▶ **REQUIRED ACTION**:
Starting at the line that contains "SheaMoisture Jamaican Black", write out every line through the end of the records exactly as it stands, and leave out all pictures.

▶ **DATA EXCERPTS**:
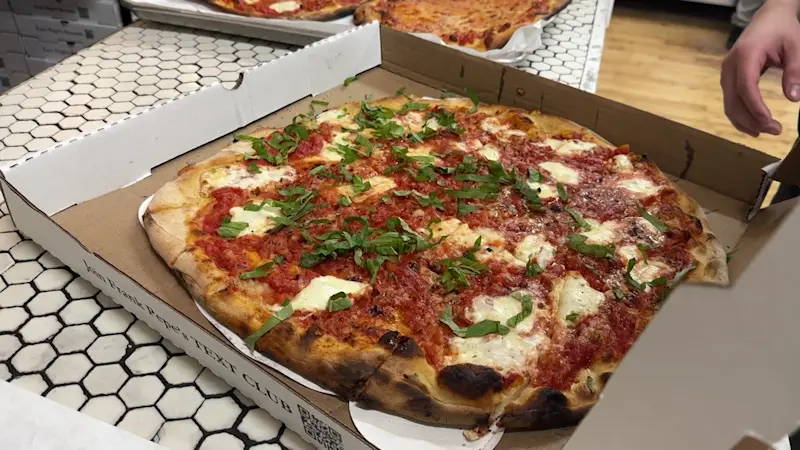 Story image: New Haven makes bid to break world record for largest pizza party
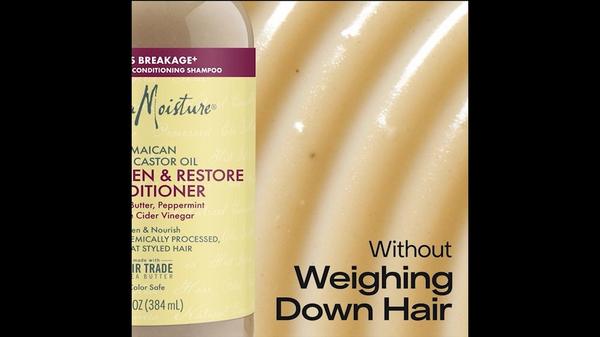 SheaMoisture Jamaican Black Castor Oil Strengthen & Restore Rinse-Out Conditioner #5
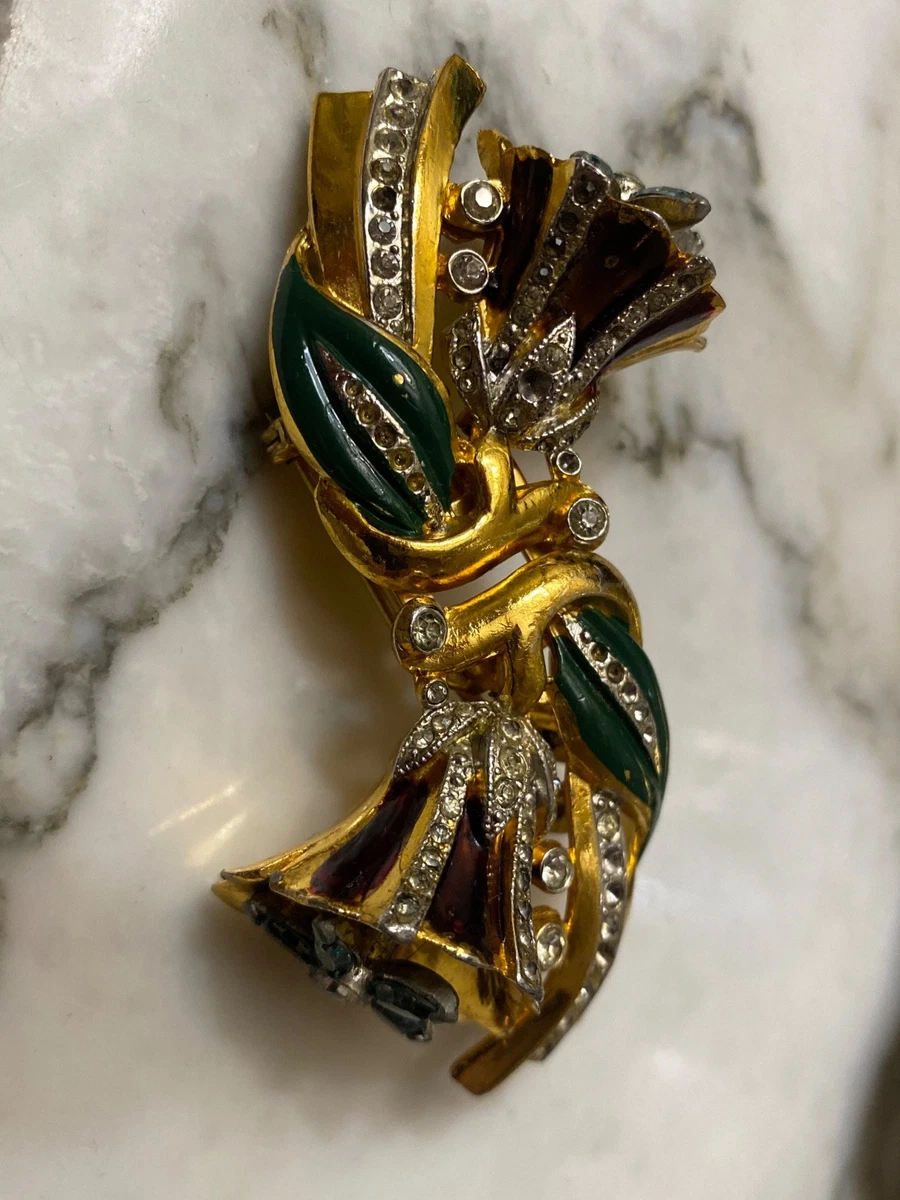 Coro Vintage & Antique Fashion Brooches & Pins for sale | eBay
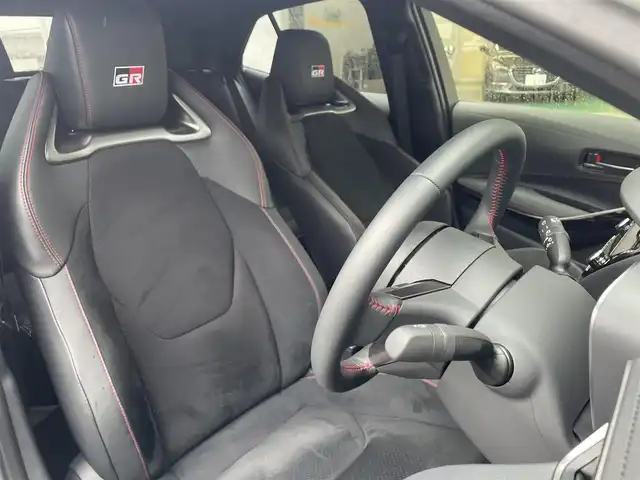 トヨタ ＧＲカローラ RZ 宮城県 2023(令5)年 0.2万km プラチナホワイトパールマイカ ワンオーナー/ターボ＆4WD/純正メモリナビ/FM/AM/BT/Miracast/フルセグTV/バックカメラ/ハーフレザーシート/シートヒーター/ステアリングヒーター/純正アルミ夏タイヤ18インチ/ブラインドスポットモニター/コーナーセンサー/フロントワイパーデアイサー/クルーズコントロール/横滑り防止装置/レーンアシスト/おくだけ充電/スペアキー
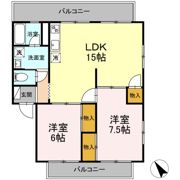 オリヴィエ東川口の間取り画像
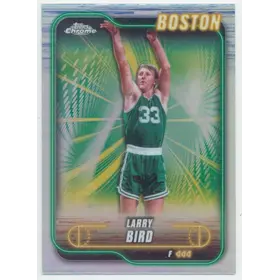 2024-25 Topps Chrome - Larry Bird #32 Refractor Parallel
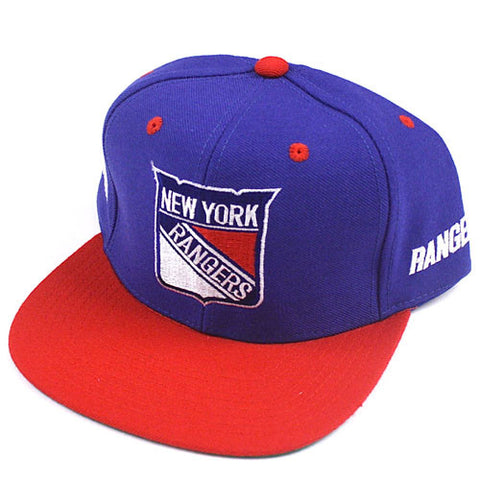 Vintage NY Rangers BackTalk snapback hat NWT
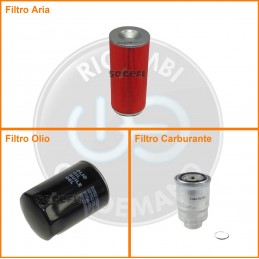 KT02808 Kit filtri aria...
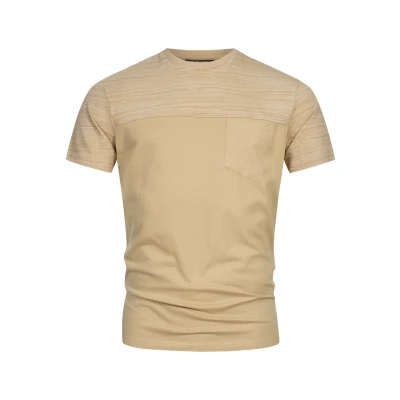 Afbeelding van Indicode Jeans Springs Tshirt print, Heren, Maat: Small, Cornstalk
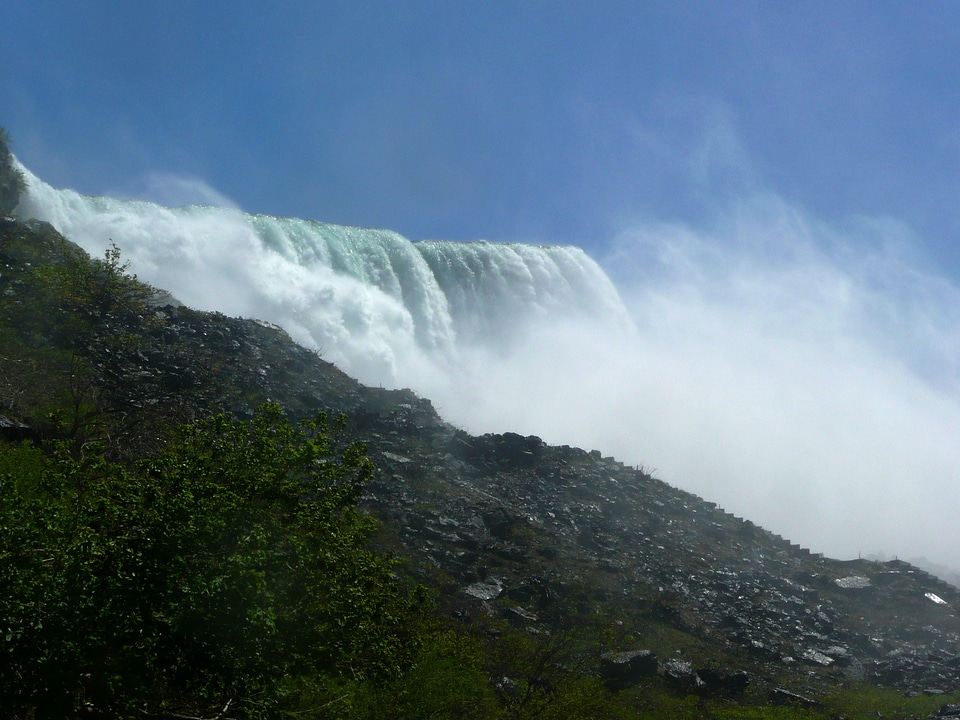 Canada water waterfall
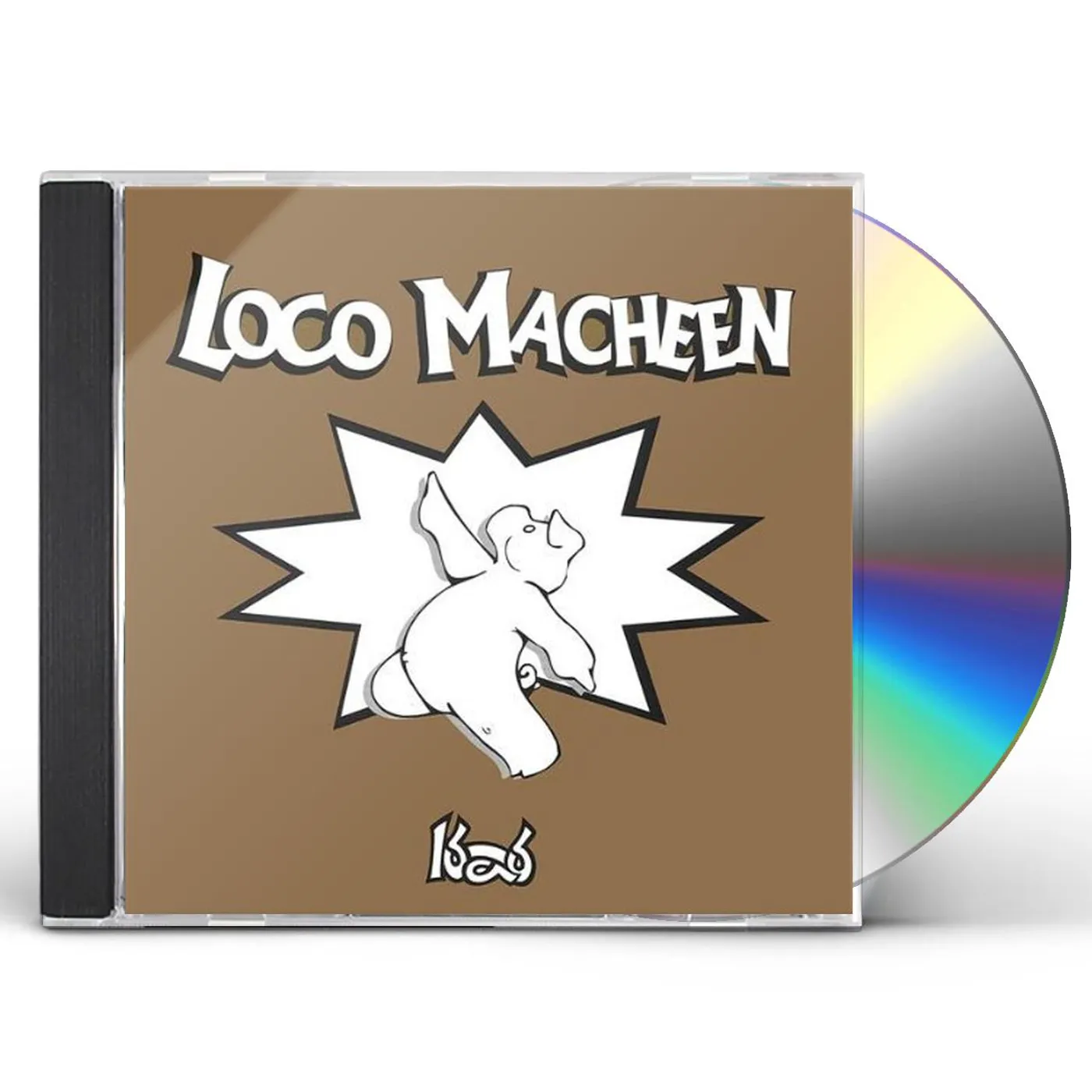 Loco Macheen PORK DISCO CD
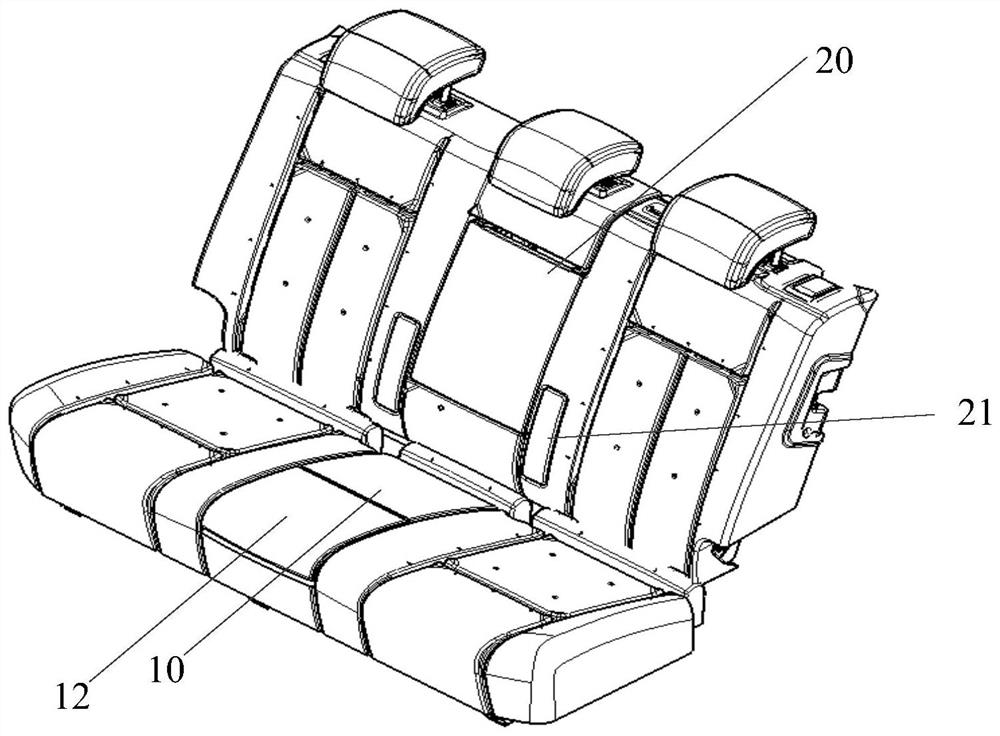 Vehicle seat and vehicle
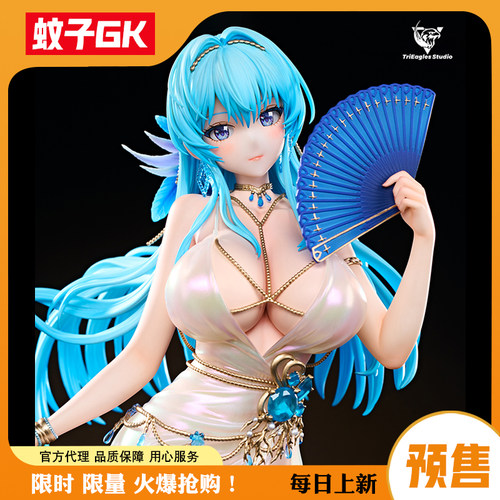 【蚊子GK】海伦NIKKE手办女雕像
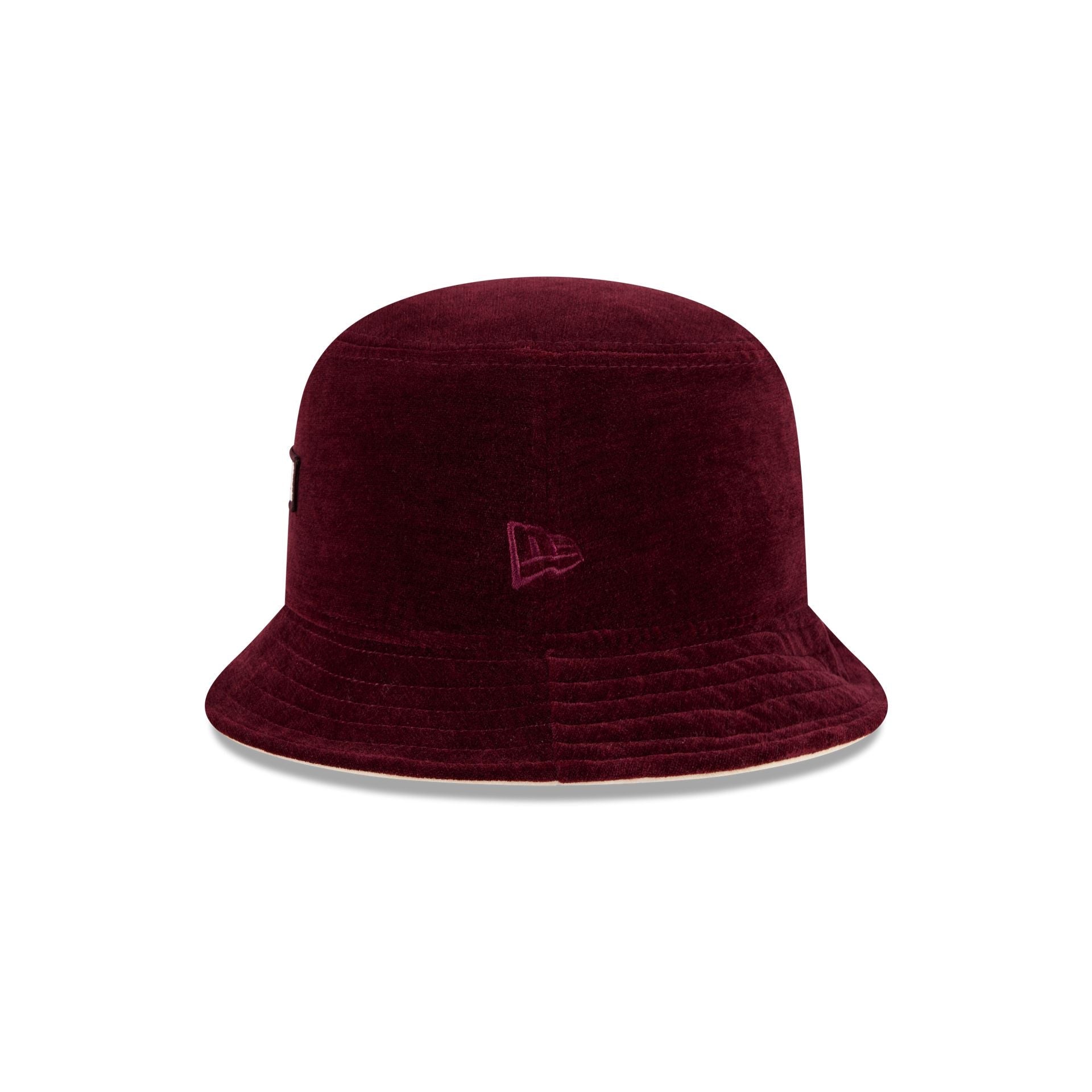 Atlanta Braves Fall Velvet Bucket Hat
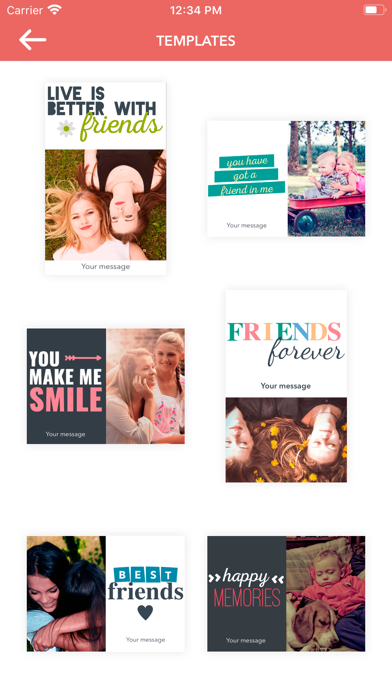 Premium Greeting Cards Screenshot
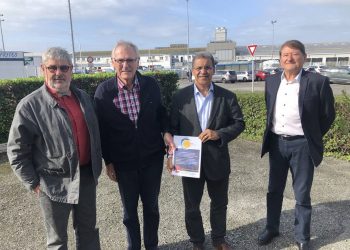Lorient. Du poisson dans leurs carnets d’adresses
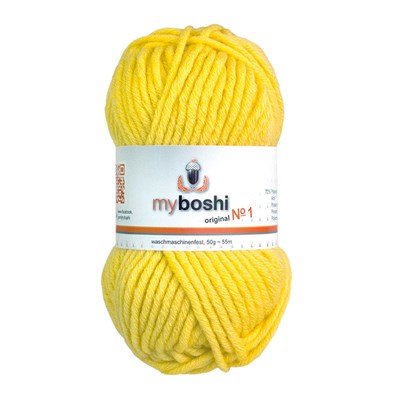Myboshi DMC n°113 - jaune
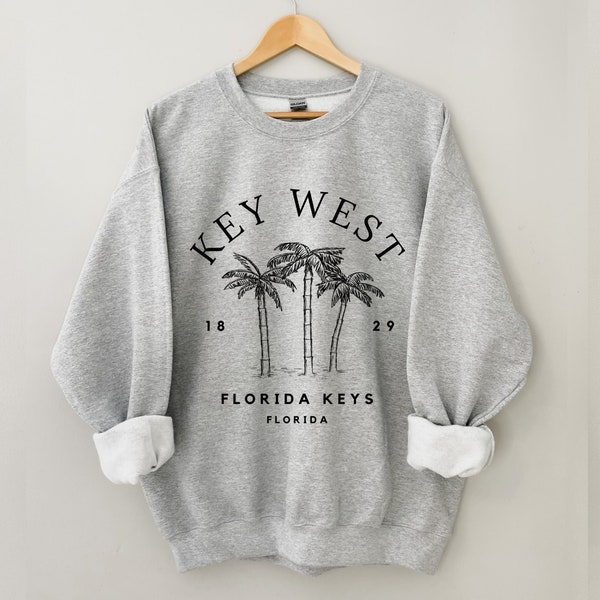 Key West Sweatshirt, Key West Shirts, Key West Souvenir, Key West Gifts, Key West Shirt Women, Key West Shirts for Women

▶ **ANSWER TO THIS PROBLEM**:
 SheaMoisture Jamaican Black Castor Oil Strengthen & Restore Rinse-Out Conditioner #5
 Coro Vintage & Antique Fashion Brooches & Pins for sale | eBay
 トヨタ ＧＲカローラ RZ 宮城県 2023(令5)年 0.2万km プラチナホワイトパールマイカ ワンオーナー/ターボ＆4WD/純正メモリナビ/FM/AM/BT/Miracast/フルセグTV/バックカメラ/ハーフレザーシート/シートヒーター/ステアリングヒーター/純正アルミ夏タイヤ18インチ/ブラインドスポットモニター/コーナーセンサー/フロントワイパーデアイサー/クルーズコントロール/横滑り防止装置/レーンアシスト/おくだけ充電/スペアキー
 オリヴィエ東川口の間取り画像
 2024-25 Topps Chrome - Larry Bird #32 Refractor Parallel
 Vintage NY Rangers BackTalk snapback hat NWT
 KT02808 Kit filtri aria...
 Afbeelding van Indicode Jeans Springs Tshirt print, Heren, Maat: Small, Cornstalk
 Canada water waterfall
 Loco Macheen PORK DISCO CD
 Vehicle seat and vehicle
 【蚊子GK】海伦NIKKE手办女雕像
 Atlanta Braves Fall Velvet Bucket Hat
 Premium Greeting Cards Screenshot
Lorient. Du poisson dans leurs carnets d’adresses
Myboshi DMC n°113 - jaune
 Key West Sweatshirt, Key West Shirts, Key West Souvenir, Key West Gifts, Key West Shirt Women, Key West Shirts for Women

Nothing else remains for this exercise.